Many wealthy people have summer homes on Nantucket. They've been shocked by recent increases in frequency and severity of storm erosion that is correlated with global warming. They're determined to maintain their pleasant summer lifestyle and to save Nantucket's eroding beaches, undercut cliffs, and houses that slide down the eroding cliffs. No governmental funds are available to slow Nantucket's erosion, so summer residents have put up $25 million in private funds to fight coastal erosion. They're ready to double that amount to avoid losing their idyllic Nantucket summers.

Two major erosion-protection methods recommended by their expensive coastal experts involve dredging sand from several miles offshore and pumping it through underwater pipes up to the beaches to replace the natural sand eroded by powerful storm-waves; and using sand bags piled atop each other at the base of cliffs to act as buffers to absorb the energy of giant storm-waves that pound and scour out loose glacial sediments along the cliff-base and undercuts the upper cliff sediments and summer homes above them.

These 2007 methods are identical to ones I suggested in the 1970s (along with removal of rock groins) to mitigate storm erosion on Westhampton Island beaches --- where the Corps of Engineers had planned to pump sand from dredge pits located only half-mile offshore, onto storm-eroded beaches.
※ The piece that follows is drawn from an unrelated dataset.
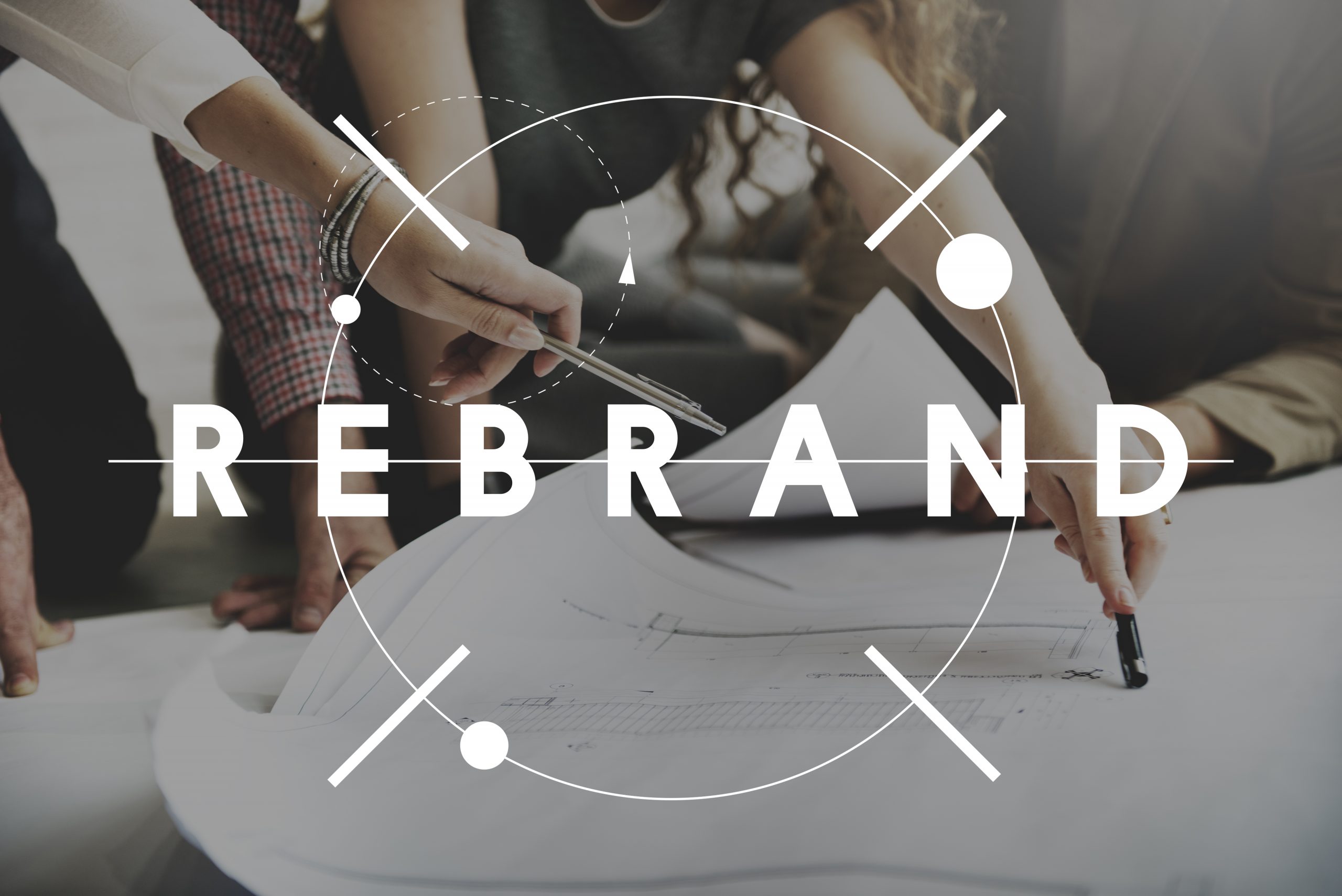 Neues Logo – alles klar! Was sind die Erfolgsfaktoren für erfolgreiches Re-Branding im Zeitalter des Digital Marketing?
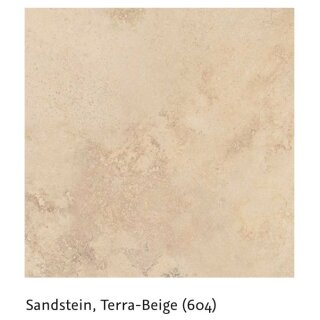 Strukturoberfl&auml;che, Sandstein, terra-beige (604)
I told the corps that dredge-pits so close to the shore would cause sand from the beaches to slide into the water and back down into nearshore dredge pits-creating a Sisyphus situation where the corps pumps sand up to a beach, and gravity slides sand back into the pit. I recommended dredging from more than 2 miles offshore; and the corps acquiesced. This was the only time the corps ever accepted a suggestion from me.

When a huge 1970's storm removed 20 feet of a cliff-base in Mattituck, I told friends with summer homes atop a cliff that they should pile sand bags at the base of the cliff and cover them with loose sand and beach grass, and leave them buried until a storm occurred that could erode the replaceable sandbags instead of the glacial sediments at the base of the cliff. Rather than follow the free advice they had requested, one couple lost their house when it tumbled down after the next big storm undercut its foundation; another couple spent thousands unnecessarily to move their house hundreds of feet back from the cliff, and a third couple divorced and moved away after they couldn't agree on whether to follow my suggestions. Sic transit free advice.